▸ **WHAT YOU HAVE TO DO**
Start to finish, print the data below exactly, without the images.

== EXCERPTED DATA

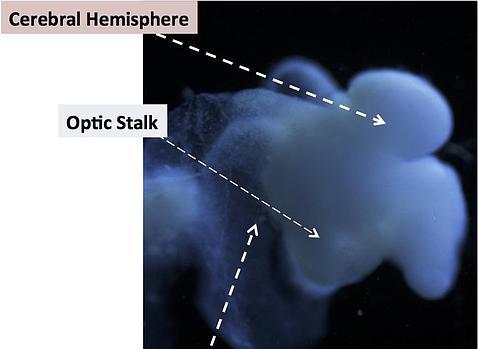 Crean una réplica 'casi' perfecta de un cerebro humano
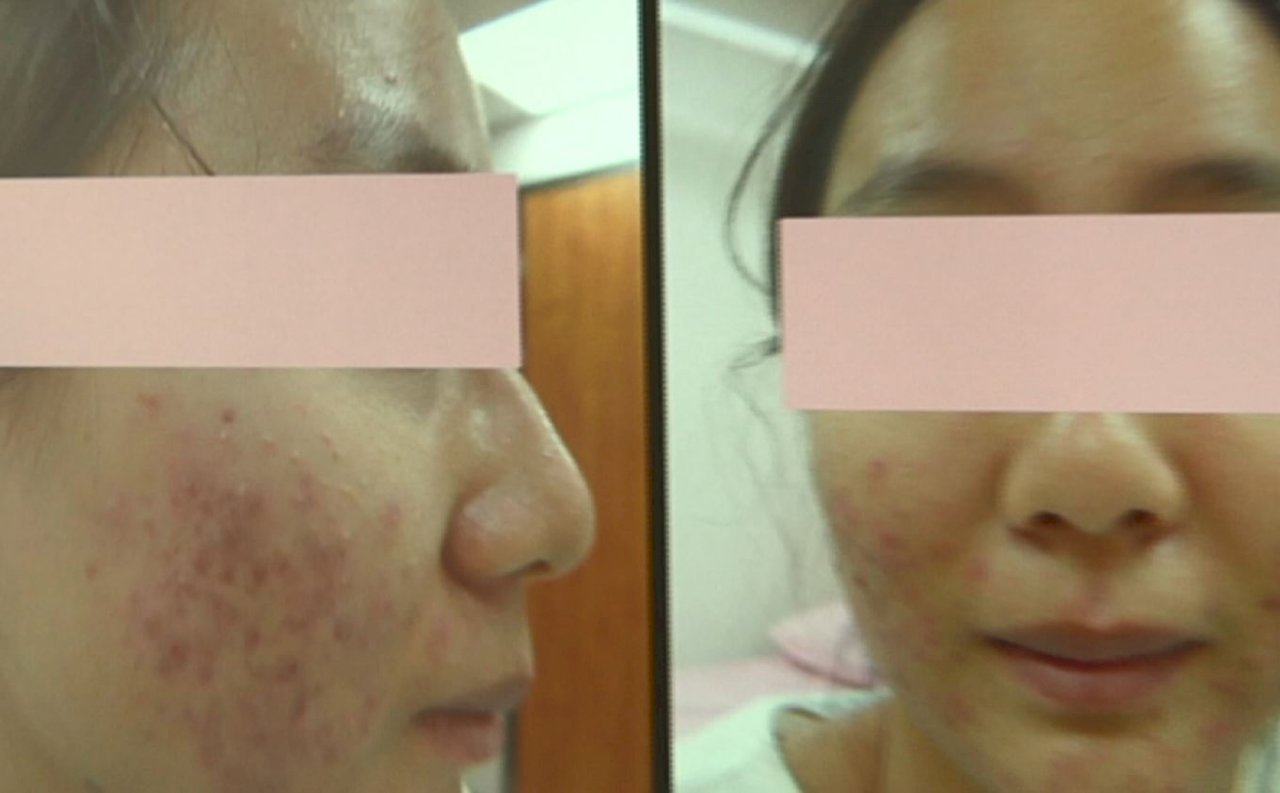 VIDEO: Wearing masks for long periods can lead to skin problems
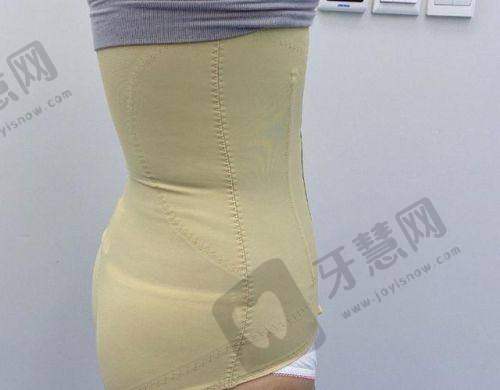 北京副乳吸脂十大排医生院——北京京美医疗美容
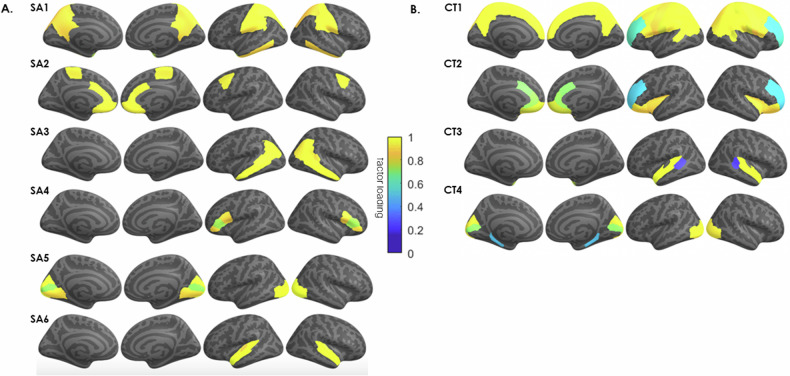 Genetically Informed Brain Networks (GIBNs).Genomic structural equation modeling (gSEM) jointly modeled the genetic architecture of (A) cortical surface area (SA), and (B) cortical thickness, for 34 brain regions based on GWAS results of Grasby et al. [18]. The model generated 6 genetically informed brain networks (GIBNs) from SA phenotype measures. The color overlay on cortical regions represents the magnitude of the factor loadings indicated in the color gradient (yellow = high; blue = low). Subsequent GWAS identified several genome-wide significant hits (p < 5 × 10−8) associated with each GIBN.
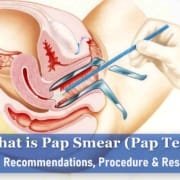 What Is Pap Smear or Pap Test? Age Recommendations, Procedure & Results pap smear test what is a pap smear, abnormal pap smear, pap smear tool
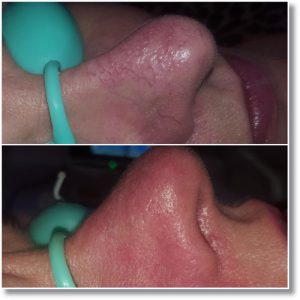 Laser Vascu Master - zamykanie naczyń krwionośnych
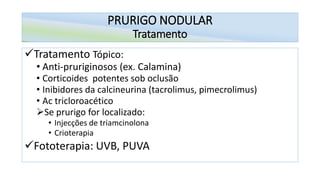 PRURIGO NODULAR
Tratamento
✓Tratamento Tópico:
• Anti-pruriginosos (ex. Calamina)
• Corticoides potentes sob oclusão
• Inibidores da calcineurina (tacrolimus, pimecrolimus)
• Ac tricloroacético
➢Se prurigo for localizado:
• Injecções de triamcinolona
• Crioterapia
✓Fototerapia: UVB, PUVA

====

▸ **RESPONSE TO THIS TASK**
 Crean una réplica 'casi' perfecta de un cerebro humano
 VIDEO: Wearing masks for long periods can lead to skin problems
 北京副乳吸脂十大排医生院——北京京美医疗美容
 Genetically Informed Brain Networks (GIBNs).Genomic structural equation modeling (gSEM) jointly modeled the genetic architecture of (A) cortical surface area (SA), and (B) cortical thickness, for 34 brain regions based on GWAS results of Grasby et al. [18]. The model generated 6 genetically informed brain networks (GIBNs) from SA phenotype measures. The color overlay on cortical regions represents the magnitude of the factor loadings indicated in the color gradient (yellow = high; blue = low). Subsequent GWAS identified several genome-wide significant hits (p < 5 × 10−8) associated with each GIBN.
 What Is Pap Smear or Pap Test? Age Recommendations, Procedure & Results pap smear test what is a pap smear, abnormal pap smear, pap smear tool
 Laser Vascu Master - zamykanie naczyń krwionośnych
 PRURIGO NODULAR
Tratamento
✓Tratamento Tópico:
• Anti-pruriginosos (ex. Calamina)
• Corticoides potentes sob oclusão
• Inibidores da calcineurina (tacrolimus, pimecrolimus)
• Ac tricloroacético
➢Se prurigo for localizado:
• Injecções de triamcinolona
• Crioterapia
✓Fototerapia: UVB, PUVA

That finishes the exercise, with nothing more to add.